POWERBARN
DESIGNED BY GIOVANNI VACCARINI ARCHITETTI, POWERBARN REDEFINES THE RELATIONSHIP BETWEEN ENERGY PRODUCTION AND AGRICULTURAL LAND.
A virtuous example of coexistence between the industrial and the agricultural world, Powerbarn by Giovanni Vaccarini Architetti in Russi (Ravenna, Italy) interprets the conversion process of part of an industrial area, once property of the Eridania sugar company, into a bioenergy production plant. Surrounded by dunes and natural pathways, the new pole for the production of electricity from renewable sources is fully encircled by the territory it derives its energy resources from. The architecture of the large furnace building, which dominates the area, offers mutable and faceted displays of itself. Its imposing mass is disguised by means of a wooden skin inspired by the Razzle Dazzle mimetic strategy of military origin.
Bounded to the North-West by the final stretch of the Lamone river, crossed by the railway line that leads from Faenza to Ravenna, bordered to the South-East
by the Carrarone road (onto which its very entrance opens), the former industrial area, that once hosted the Eridania sugar factory, lies on the edge of a wide agricultural land. The area, adjacent to the city of Russi, in the province of Ravenna (Italy), is still dedicated to the historical cultivation of sugar beet and fruit trees, encompasses 47 hectares.

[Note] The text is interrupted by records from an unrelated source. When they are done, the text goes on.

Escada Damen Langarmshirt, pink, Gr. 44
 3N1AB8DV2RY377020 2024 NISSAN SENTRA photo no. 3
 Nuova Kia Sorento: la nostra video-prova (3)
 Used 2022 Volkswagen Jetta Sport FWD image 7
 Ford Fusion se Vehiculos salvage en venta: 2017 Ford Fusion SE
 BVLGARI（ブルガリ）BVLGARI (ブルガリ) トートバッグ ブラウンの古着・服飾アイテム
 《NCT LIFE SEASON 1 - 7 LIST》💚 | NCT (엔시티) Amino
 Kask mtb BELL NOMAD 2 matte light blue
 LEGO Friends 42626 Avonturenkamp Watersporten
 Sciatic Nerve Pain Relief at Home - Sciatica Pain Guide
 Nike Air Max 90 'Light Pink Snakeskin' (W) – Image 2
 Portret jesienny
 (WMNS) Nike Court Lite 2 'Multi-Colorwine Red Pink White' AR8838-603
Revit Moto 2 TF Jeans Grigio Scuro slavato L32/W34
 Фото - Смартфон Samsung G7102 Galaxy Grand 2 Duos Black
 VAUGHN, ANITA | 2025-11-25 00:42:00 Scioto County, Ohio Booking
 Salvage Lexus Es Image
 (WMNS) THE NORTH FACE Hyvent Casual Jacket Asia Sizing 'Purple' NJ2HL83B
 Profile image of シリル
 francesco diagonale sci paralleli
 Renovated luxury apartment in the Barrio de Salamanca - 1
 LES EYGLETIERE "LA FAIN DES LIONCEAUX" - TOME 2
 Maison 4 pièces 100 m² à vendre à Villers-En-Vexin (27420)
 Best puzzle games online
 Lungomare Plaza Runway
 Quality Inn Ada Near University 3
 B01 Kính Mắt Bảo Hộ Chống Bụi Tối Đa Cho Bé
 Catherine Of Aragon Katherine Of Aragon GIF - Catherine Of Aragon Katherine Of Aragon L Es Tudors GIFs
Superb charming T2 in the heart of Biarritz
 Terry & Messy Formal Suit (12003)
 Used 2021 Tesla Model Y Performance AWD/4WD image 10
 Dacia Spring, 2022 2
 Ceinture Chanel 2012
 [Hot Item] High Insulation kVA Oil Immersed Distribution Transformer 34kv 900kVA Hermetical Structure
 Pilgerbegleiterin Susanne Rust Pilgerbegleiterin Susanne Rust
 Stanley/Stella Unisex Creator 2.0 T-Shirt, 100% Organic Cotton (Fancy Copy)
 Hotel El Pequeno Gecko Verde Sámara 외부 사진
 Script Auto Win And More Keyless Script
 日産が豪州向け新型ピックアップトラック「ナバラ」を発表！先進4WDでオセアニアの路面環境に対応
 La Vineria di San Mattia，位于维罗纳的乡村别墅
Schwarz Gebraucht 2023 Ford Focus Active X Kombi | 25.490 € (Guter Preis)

This large district, linked to one of the leading agri-food industries in the Italian entrepreneurial history, has now discontinued the production of sugar on this very site, keeping here only the boxing and storage phases, hosted in an area of about 46,000 square meters. Approximately 280,000 square meters of the site, including three large wetlands, have been restored, re-naturalized and given back to the community; while a program of conversion of the former industrial areas is underway for a part of the remaining area, measuring more than 167,000 square meters.